Whether they’re consolidating LTL into truckload to reduce the number of deliveries to retail outlets or breaking larger loads into individual orders for home delivery, more and more companies are finding value in cross-docking today.

There has been a recent resurgence of interest in the practice of receiving product and shipping it out without putting it into storage. Cross-docks are typically used for “hub-and-spoke” arrangements, consolidation, or deconsolidation.

Saddle Creek’s new report explores the advantages of cross-docking in today’s marketplace, identifies important factors to consider before adopting the practice, and examines when it makes sense to outsource.

Following is an excerpt from the Ultimate Cross-Docking Guide

Why Cross-Dock?

Companies find that cross-docking gives them an opportunity to take costs out of their supply chains and gain transportation efficiencies, so they can better serve their customers.

Enhanced Service

“Most companies consider cross-docking to improve customer service,” says Tom Patterson, a senior vice president at Saddle Creek Logistics Services with more than 30 years of cross-docking experience.

Cross-docking allows products to reach their end destination more quickly and economically, ensuring that products are available when needed and reducing supply chain costs. This is particularly important for omnichannel operations challenged to meet increasing demand for same-day or next-day deliveries.
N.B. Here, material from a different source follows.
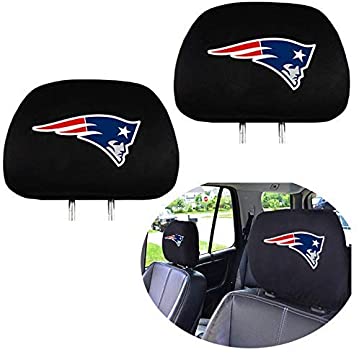 2 Pack for New England Patriots Headrest Covers, Luxury Black Fabric HeadRest Cover with Printed Team Logo, Universal Fits to All Car Models, New England Patriots Accessories …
Recently, Patterson observes, there has been expanded use of cross-docking to support a direct-to-consumer business model – specifically for home delivery. The practice allows omnichannel companies to have a smaller representative inventory of products that can be quickly deployed to meet customer demand.

Cross-docking can also be used to get the right mix of products to the customer. Some operations break apart pallets into individual orders—layer picking or even case picking to get stores what they need. Store-ready orders can be prepared by suppliers for shipment to the cross-dock, then routed for delivery utilizing the most cost-effective mode of transportation.

Cost Savings

Cross-docking offers opportunities for cost control in several areas, most notably warehouse space, labor and transportation.
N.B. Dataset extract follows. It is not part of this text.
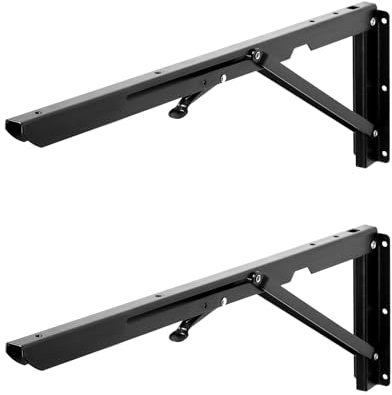 QWORK® 2 Pezzi 500mm Staffe Pieghevoli Pesanti - Ferro Nero- per Tavolo a Muro e Mensola a Muro, Carico Massimo 100 kg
Warehouse space.  Since inventory is not stored in a warehouse, companies can avoid the major brick-and-mortar investment of a huge warehouse and reduce their inventory carrying cost.

Cross-docking does require a somewhat larger footprint in an omnichannel environment where order sizes are much smaller and short-term storage may be needed. “Direct-to-consumer orders for appliances, for example, require more concrete. They’re moving in one’s and two’s, so it might take three to five days to accumulate enough for a truckload,” Patterson explains. “The practice still delivers significant cost-saving efficiencies, however.”

Transportation.  The biggest opportunities for cross-dock savings are transportation related, Patterson says. Considerable freight savings can be achieved by consolidating LTL shipments into full loads. Cross-docking also enables companies to ship full truckloads of products close to the customer, reducing the distance (and cost) of final-mile deliveries. Taking advantage of transportation efficiencies also allows companies to mitigate the impact of rising fuel costs.

Labor.  Because cross-docked products are not put into storage, less handling is required. Companies save on labor costs when they accumulate freight coming in, mix and match it, and put it on trucks.